WHAT THE EXERCISE ASKS:
Your task is to transcribe the data exactly while omitting each picture.
Start of DATA SECTION
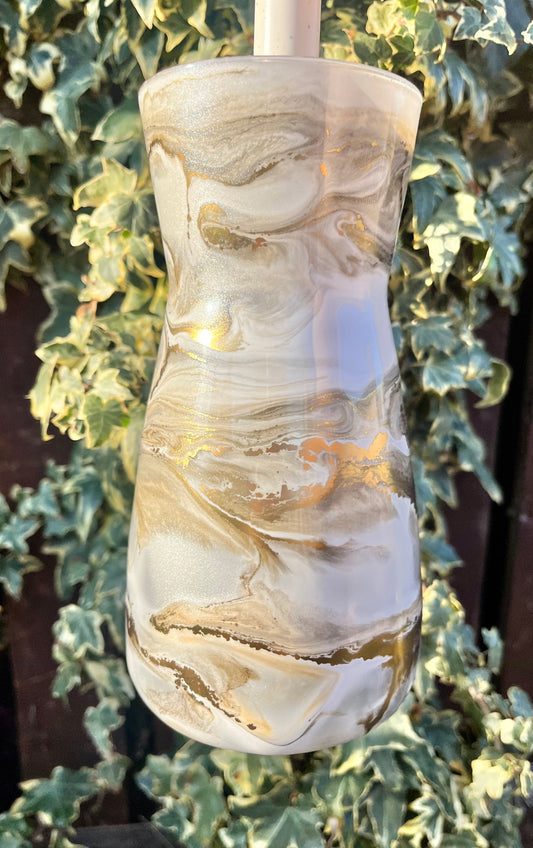 *MADE TO ORDER* Custom standard ink drop vase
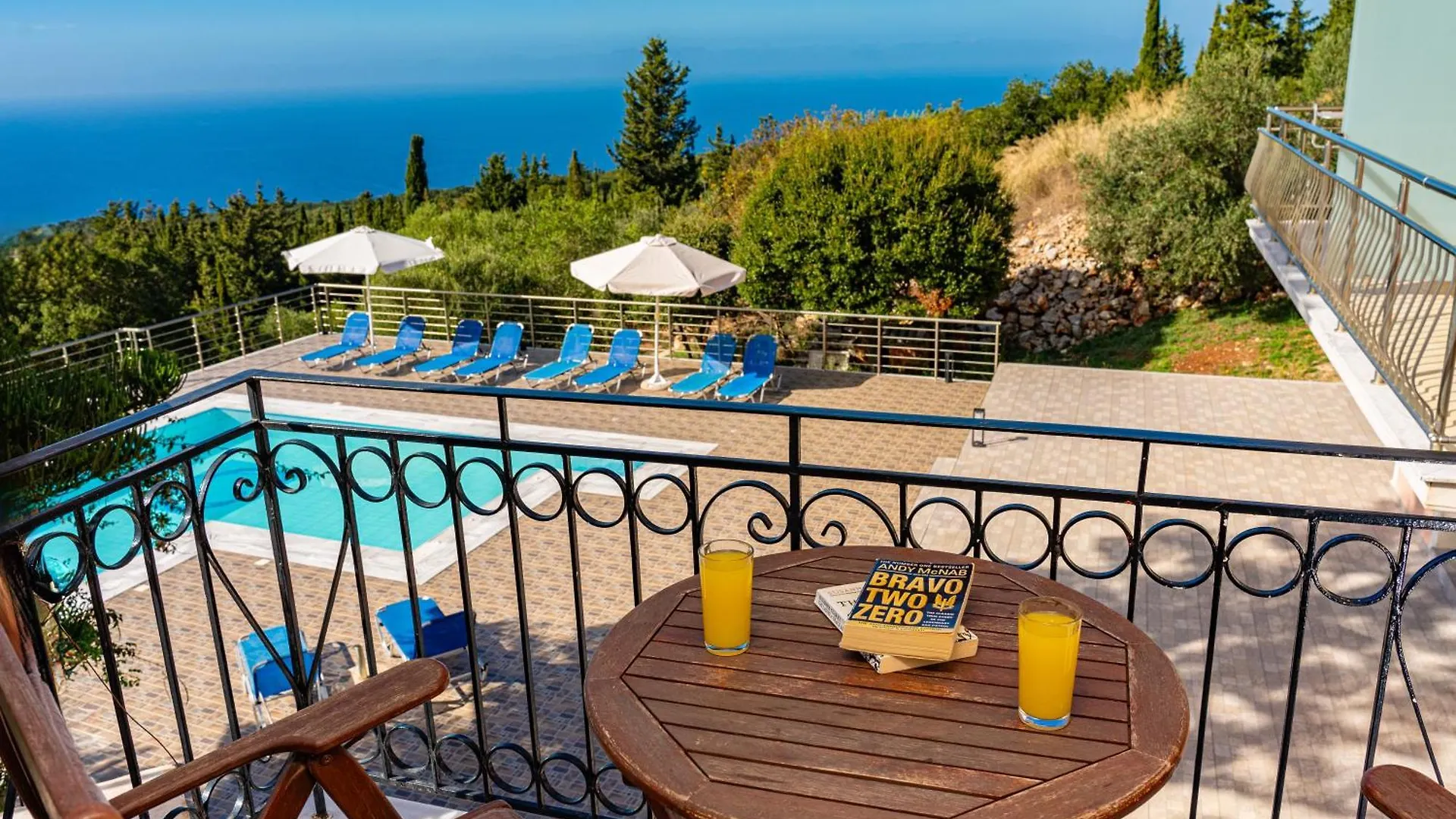 Panoramic Sunset Apartment Kothreas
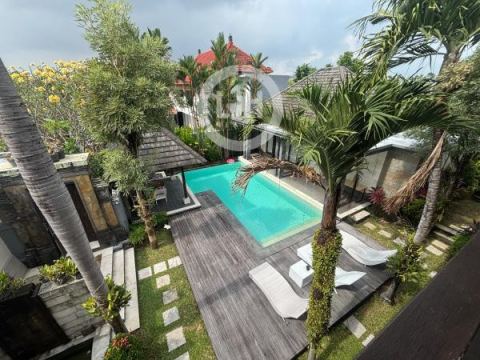 4 bedrooms villa for rent at Canggu, strategic location, close to Berawa Beach and Atlas Beach Club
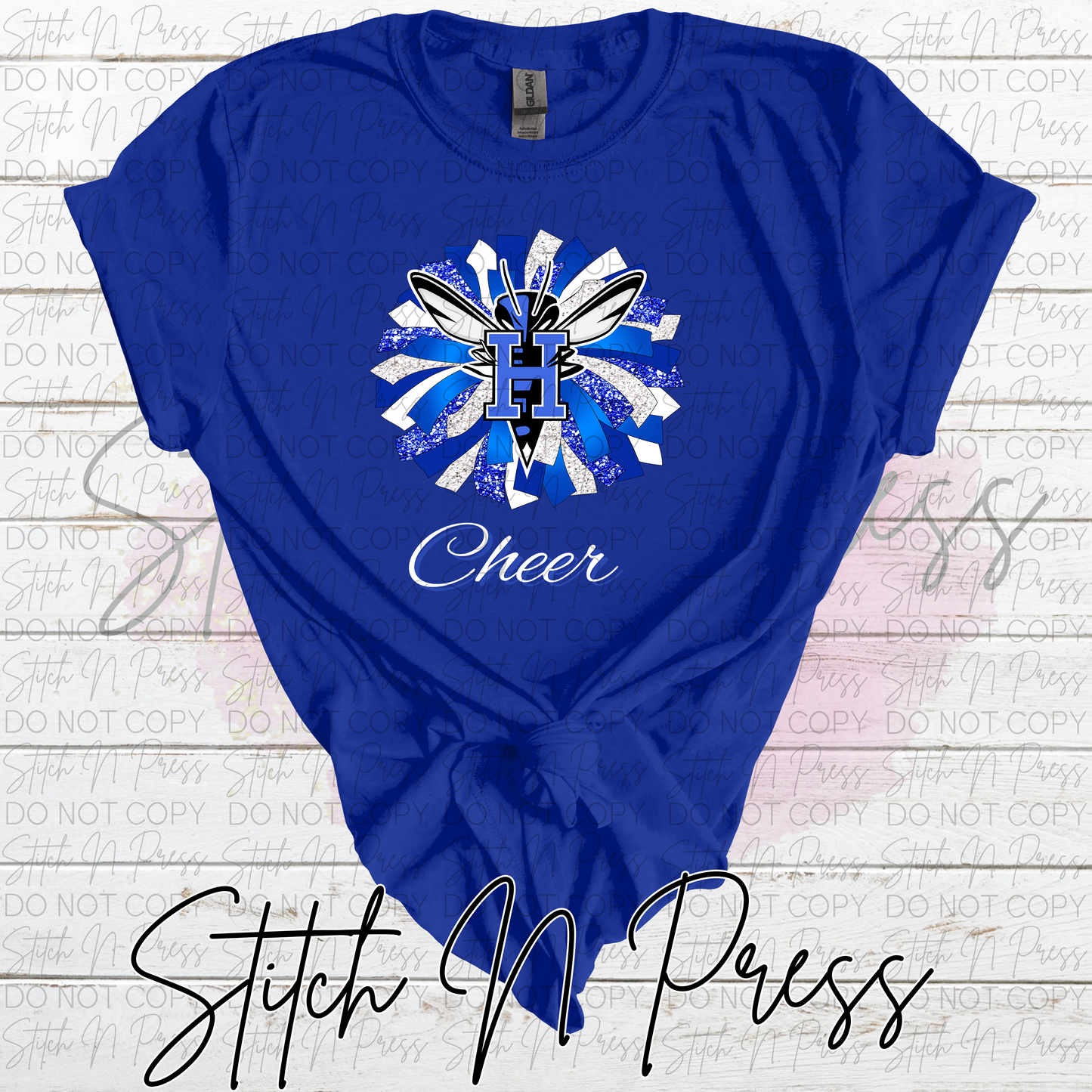 Cheer Big POM Hornet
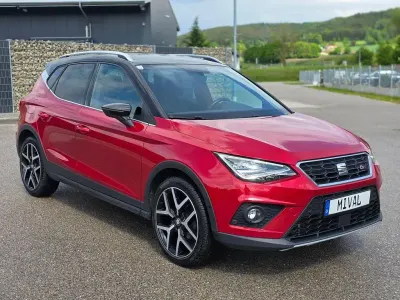 Gebraucht Seat Arona FR 116 PS (85 kW) 2020 "desire" rot SUV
End of DATA SECTION
SOLVED PROBLEM:
 *MADE TO ORDER* Custom standard ink drop vase
 Panoramic Sunset Apartment Kothreas
 4 bedrooms villa for rent at Canggu, strategic location, close to Berawa Beach and Atlas Beach Club
 Cheer Big POM Hornet
 Gebraucht Seat Arona FR 116 PS (85 kW) 2020 "desire" rot SUV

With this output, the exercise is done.